Seeing how people lived in St. Albans had a profound effect on me. I realized I was unsatisfied with my life and I progressed from being a girl too scared and withdrawn to go to school to being an A student determined to reach a high standard of living as an adult.
When I was little, teachers and classmates called me retarded and told me I wasn’t capable of amounting to anything, so I had made it my goal to read many books and prove them wrong. Still, I’d never believed my life would be much better or different once I got to be an adult. I needed a picture of a better life to realize that my books could take me somewhere I wanted to go.
Back on the Block
Unfortunately, six months after I came into care, I moved to another group home—one in the Bronx, positioned right next to the projects. One block above us was the Crips, and one below was the Bloods. This, of course, brought on gang violence and the shootings that sounded like fire crackers on the 4th of July.
I lived across from a park infested with rats the size of rottweilers (I call them ratweilers) and saw little kids on the street, no shoes, with just popcorn for dinner. I knew what their mom and pops were on. I know all about having to stand outside of churches, waiting and praying for a meal (and I don’t even believe in God).
Every day I saw how the neighborhood affected kids’ dreams. I asked one boy what he wanted to be in the future and he replied, “Nothing.” I asked another, “What’s your hobby?” He said, “Standing on the corner making money.”
I understand why they’re selling. The drug dealers are the ones with money, and if someone has a beautiful house, car and boyfriend or girlfriend, wouldn’t you admire that person? The only problem is that, in the ’hood, the respected idol is a drug dealer, and people in the ’hood die over respect because they feel they have nothing else.
Fighting Like Hell
In theory, schools are supposed to help kids move beyond the life they know, but at my school, at least, that’s not happening. Recently my guidance counselor showed me that the number of freshmen coming into my high school is staggering compared to the low number of seniors who graduate.
Your environment molds your expectations. If you see everybody around you failing, you’ll likely fail too, unless you fight like hell against it. If your dad and mom met while he was selling drugs and she was buying, it’s more likely their baby will turn out to be a lookout for 5-O than a Yale graduate.
But I believe that it’s possible for me to block out everything around me and all the painful, negative things I’ve grown up with.

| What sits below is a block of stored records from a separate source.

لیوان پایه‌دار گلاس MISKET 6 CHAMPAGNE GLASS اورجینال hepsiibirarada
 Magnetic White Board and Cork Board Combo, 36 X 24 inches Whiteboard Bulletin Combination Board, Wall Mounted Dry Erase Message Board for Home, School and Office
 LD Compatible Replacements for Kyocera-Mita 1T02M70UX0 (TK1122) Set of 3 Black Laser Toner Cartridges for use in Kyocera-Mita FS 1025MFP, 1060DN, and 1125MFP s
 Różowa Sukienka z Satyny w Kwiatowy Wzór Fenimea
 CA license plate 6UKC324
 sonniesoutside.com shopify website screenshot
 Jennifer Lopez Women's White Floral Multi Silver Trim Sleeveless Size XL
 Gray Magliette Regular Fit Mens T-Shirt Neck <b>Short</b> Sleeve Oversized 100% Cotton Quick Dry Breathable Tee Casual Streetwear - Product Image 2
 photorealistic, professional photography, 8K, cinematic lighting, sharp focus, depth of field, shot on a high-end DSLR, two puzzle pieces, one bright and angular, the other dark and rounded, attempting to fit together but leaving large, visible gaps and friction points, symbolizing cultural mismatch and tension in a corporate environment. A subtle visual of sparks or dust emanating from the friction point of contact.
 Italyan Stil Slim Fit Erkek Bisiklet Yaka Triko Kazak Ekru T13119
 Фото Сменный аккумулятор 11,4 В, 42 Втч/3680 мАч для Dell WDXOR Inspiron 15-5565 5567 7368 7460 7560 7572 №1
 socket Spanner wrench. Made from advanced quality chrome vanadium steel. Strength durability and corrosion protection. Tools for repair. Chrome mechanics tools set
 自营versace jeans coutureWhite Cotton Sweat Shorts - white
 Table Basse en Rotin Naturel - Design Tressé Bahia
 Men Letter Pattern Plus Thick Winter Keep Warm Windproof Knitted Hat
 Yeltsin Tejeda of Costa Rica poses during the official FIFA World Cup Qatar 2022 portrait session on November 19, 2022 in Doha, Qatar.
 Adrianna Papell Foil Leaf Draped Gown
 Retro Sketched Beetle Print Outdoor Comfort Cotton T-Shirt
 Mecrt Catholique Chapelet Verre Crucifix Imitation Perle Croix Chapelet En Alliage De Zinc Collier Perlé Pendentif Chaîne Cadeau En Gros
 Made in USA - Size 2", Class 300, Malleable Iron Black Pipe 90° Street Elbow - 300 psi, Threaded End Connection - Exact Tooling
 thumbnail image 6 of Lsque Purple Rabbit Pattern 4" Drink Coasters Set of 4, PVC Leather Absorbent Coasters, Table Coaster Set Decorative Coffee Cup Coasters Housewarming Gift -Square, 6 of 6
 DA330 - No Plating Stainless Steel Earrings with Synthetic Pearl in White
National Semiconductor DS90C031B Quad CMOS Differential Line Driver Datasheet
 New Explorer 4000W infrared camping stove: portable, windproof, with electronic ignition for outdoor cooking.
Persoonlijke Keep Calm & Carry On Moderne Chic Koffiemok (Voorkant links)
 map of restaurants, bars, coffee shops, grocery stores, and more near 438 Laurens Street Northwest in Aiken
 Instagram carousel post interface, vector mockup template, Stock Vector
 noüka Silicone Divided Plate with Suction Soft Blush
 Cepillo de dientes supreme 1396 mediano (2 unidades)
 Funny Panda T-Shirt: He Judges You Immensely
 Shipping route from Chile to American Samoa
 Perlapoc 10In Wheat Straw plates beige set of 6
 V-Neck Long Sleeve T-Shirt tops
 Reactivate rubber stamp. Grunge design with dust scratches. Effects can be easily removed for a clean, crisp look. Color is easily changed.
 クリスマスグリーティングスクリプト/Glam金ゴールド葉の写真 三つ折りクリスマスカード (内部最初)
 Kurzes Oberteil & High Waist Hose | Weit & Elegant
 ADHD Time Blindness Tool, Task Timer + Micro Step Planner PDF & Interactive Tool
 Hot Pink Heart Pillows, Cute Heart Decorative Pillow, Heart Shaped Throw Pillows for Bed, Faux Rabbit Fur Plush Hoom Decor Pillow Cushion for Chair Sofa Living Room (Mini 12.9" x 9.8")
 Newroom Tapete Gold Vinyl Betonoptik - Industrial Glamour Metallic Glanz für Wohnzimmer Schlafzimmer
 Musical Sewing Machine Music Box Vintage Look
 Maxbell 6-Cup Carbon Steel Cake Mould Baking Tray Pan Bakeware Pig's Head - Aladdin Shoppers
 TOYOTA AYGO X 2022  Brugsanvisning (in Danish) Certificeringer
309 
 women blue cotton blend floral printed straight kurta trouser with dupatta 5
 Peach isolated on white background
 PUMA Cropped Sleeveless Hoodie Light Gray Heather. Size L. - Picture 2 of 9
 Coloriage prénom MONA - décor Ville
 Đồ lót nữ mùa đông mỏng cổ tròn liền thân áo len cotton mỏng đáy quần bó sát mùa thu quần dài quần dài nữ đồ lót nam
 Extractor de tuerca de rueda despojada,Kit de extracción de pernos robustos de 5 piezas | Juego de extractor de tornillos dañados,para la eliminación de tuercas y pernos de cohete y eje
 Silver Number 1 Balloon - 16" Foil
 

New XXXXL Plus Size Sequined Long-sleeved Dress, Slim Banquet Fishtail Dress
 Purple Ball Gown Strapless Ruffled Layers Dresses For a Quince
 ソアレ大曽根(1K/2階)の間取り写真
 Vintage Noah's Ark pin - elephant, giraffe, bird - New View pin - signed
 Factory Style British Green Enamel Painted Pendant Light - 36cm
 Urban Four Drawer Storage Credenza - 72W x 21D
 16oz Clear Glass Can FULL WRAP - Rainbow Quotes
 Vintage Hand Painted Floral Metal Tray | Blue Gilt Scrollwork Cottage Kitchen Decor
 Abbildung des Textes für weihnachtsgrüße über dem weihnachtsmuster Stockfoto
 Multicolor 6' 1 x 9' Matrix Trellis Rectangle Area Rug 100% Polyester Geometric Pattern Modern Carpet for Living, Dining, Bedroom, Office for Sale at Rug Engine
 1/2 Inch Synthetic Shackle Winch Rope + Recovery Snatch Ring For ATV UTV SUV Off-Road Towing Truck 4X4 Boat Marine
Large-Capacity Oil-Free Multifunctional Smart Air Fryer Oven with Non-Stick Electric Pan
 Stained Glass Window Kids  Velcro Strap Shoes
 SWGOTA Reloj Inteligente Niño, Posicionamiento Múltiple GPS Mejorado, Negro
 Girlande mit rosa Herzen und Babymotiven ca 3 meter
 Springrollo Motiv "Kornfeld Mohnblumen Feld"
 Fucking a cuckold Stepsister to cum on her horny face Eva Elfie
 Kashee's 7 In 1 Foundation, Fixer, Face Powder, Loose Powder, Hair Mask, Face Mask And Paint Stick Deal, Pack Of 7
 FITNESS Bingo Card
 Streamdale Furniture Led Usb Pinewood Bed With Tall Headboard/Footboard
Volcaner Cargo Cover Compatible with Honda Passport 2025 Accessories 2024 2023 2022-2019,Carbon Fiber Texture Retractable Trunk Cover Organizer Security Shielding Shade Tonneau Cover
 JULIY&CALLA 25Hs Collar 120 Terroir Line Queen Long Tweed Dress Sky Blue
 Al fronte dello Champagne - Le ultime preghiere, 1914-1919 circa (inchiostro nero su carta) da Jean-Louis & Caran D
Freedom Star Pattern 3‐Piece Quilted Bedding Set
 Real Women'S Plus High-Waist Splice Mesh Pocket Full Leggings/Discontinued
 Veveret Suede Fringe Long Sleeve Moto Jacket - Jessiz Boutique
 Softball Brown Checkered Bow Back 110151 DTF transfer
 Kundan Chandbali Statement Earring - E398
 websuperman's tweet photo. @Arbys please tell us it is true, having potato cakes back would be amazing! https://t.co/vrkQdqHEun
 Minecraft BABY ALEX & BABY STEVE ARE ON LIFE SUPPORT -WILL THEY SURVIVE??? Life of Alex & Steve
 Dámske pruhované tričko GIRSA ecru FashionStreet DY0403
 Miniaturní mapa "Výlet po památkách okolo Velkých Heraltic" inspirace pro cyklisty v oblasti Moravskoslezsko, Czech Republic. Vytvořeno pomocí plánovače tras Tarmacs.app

I’m sure that if I stay focused and succeed in school, I can make it out of the ghetto.
Since I came into foster care, I’ve maintained my grades no matter what was happening in my life. And last year, when I got the chance to move to a foster home, I demanded to move to a good neighborhood and to live with a foster parent who could help me get into college.
A Picture of My Future
That foster home wasn’t the greatest (I’ve moved yet again, to a foster mom who cares as much as I do about my college education). But at least it was in a nice area downtown, a serene environment with no gun shots and no kids screaming from a beating. I felt safe walking home because I didn’t hear “Yo, Shorty!” on every corner or see a bunch of broke-ass hustlers. Instead I saw businessmen talking on their cell phones.
The neighborhood inspired me and I felt like I could calm down. Nights when I didn’t feel like doing my homework I’d look outside and realize that one measly homework assignment wasn’t going to keep me from my dream of being successful enough to live in a nice place as an adult. Of course, I also kept a 90 average.
In school, I’d often analyze what went wrong in some of the other kids’ lives. In my new neighborhood, I had a chance to see how people went right.
Walking down the street I saw role models—business people on their way to work, heading into beautiful buildings. It was such a moving experience for me to walk among them, imagining myself one day working in one of those buildings or going into one of those homes, too.